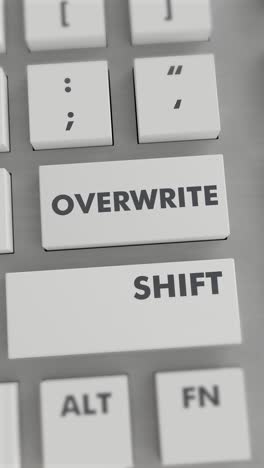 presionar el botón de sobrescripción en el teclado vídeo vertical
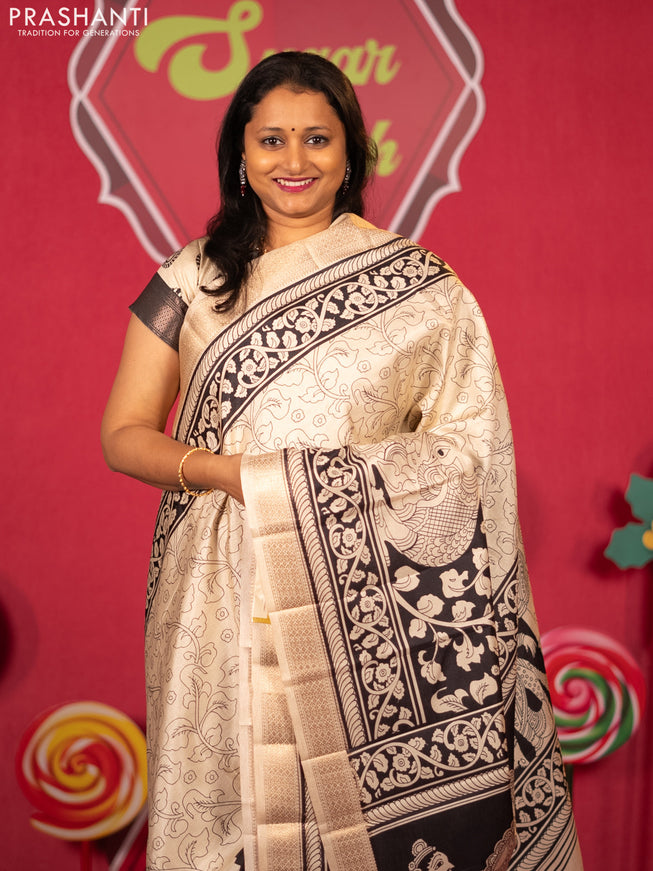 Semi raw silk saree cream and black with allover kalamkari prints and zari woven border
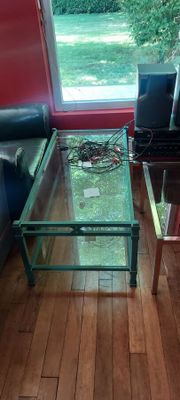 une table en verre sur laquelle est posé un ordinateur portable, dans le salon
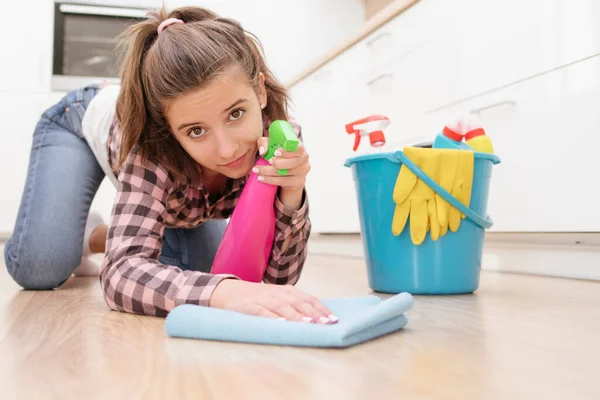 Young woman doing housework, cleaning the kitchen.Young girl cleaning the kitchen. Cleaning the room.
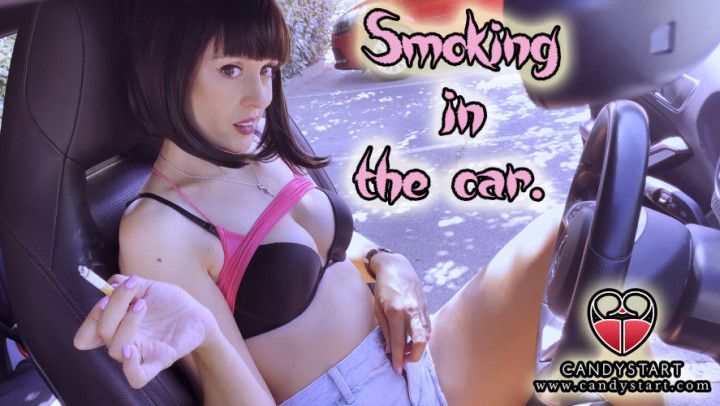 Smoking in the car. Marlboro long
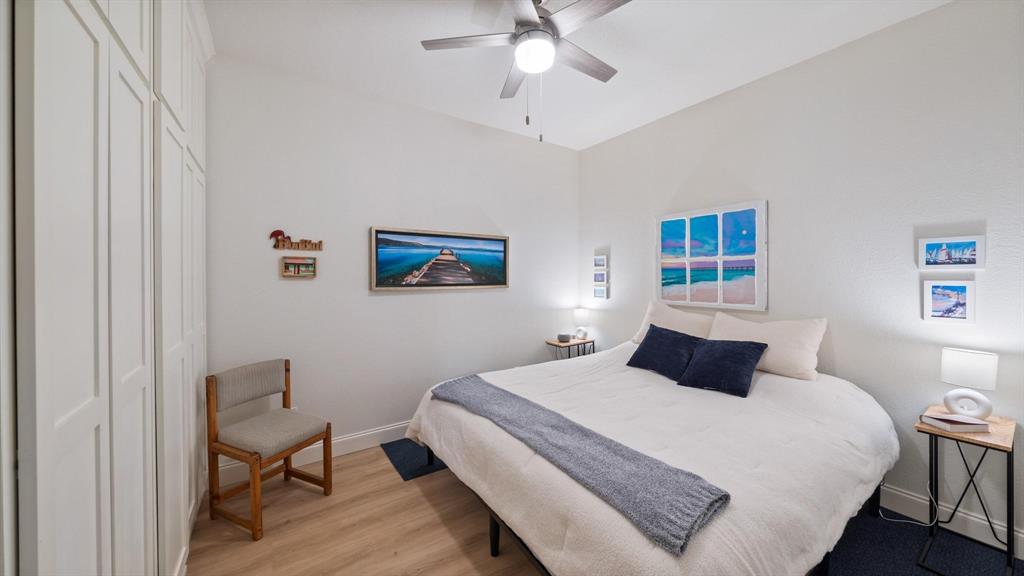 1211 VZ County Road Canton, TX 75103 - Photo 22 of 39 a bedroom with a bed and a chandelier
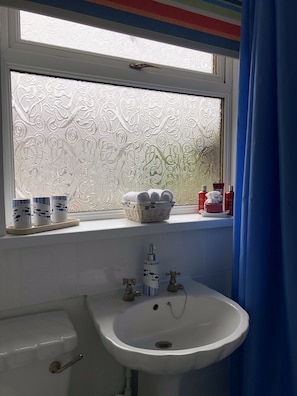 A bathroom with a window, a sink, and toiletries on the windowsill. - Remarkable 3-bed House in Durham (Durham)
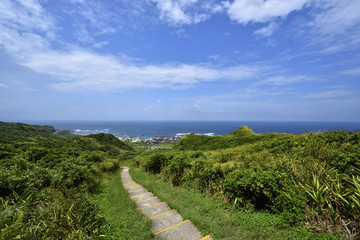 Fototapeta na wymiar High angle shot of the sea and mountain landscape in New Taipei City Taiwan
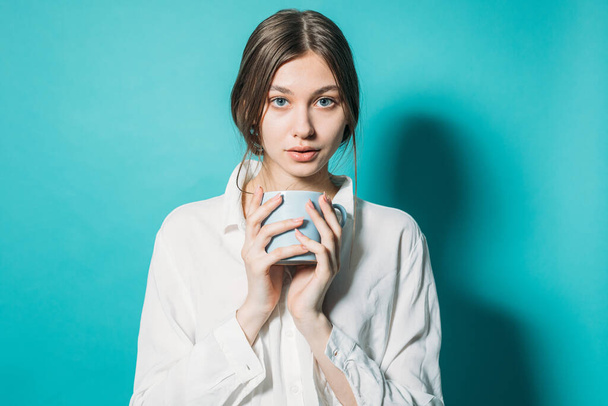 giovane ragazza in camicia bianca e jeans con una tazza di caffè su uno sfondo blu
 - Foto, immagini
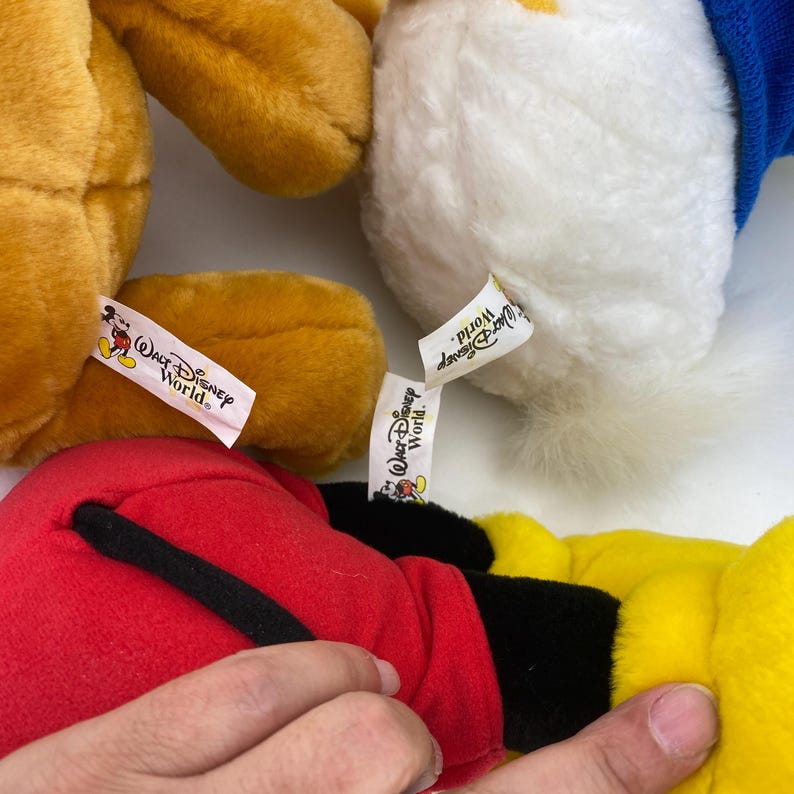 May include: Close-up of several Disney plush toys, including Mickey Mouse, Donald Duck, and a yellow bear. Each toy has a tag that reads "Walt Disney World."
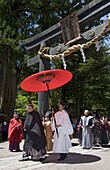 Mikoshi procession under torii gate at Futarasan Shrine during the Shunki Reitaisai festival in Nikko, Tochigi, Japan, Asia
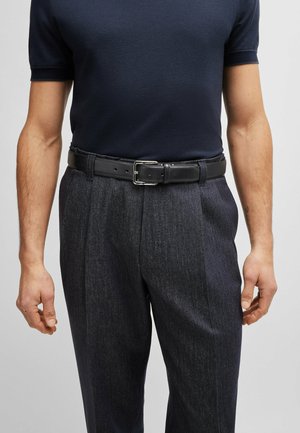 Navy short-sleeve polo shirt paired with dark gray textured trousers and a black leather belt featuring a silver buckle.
-------------------------
§ **Problem requirements**: Output every entry exactly. Pictures stay out.

§ **Answer to the problem**:
 presionar el botón de sobrescripción en el teclado vídeo vertical
 Semi raw silk saree cream and black with allover kalamkari prints and zari woven border
 une table en verre sur laquelle est posé un ordinateur portable, dans le salon
 Young woman doing housework, cleaning the kitchen.Young girl cleaning the kitchen. Cleaning the room.
 Smoking in the car. Marlboro long
 1211 VZ County Road Canton, TX 75103 - Photo 22 of 39 a bedroom with a bed and a chandelier
 A bathroom with a window, a sink, and toiletries on the windowsill. - Remarkable 3-bed House in Durham (Durham)
 Fototapeta na wymiar High angle shot of the sea and mountain landscape in New Taipei City Taiwan
 giovane ragazza in camicia bianca e jeans con una tazza di caffè su uno sfondo blu
 - Foto, immagini
 May include: Close-up of several Disney plush toys, including Mickey Mouse, Donald Duck, and a yellow bear. Each toy has a tag that reads "Walt Disney World."
 Mikoshi procession under torii gate at Futarasan Shrine during the Shunki Reitaisai festival in Nikko, Tochigi, Japan, Asia
 Navy short-sleeve polo shirt paired with dark gray textured trousers and a black leather belt featuring a silver buckle.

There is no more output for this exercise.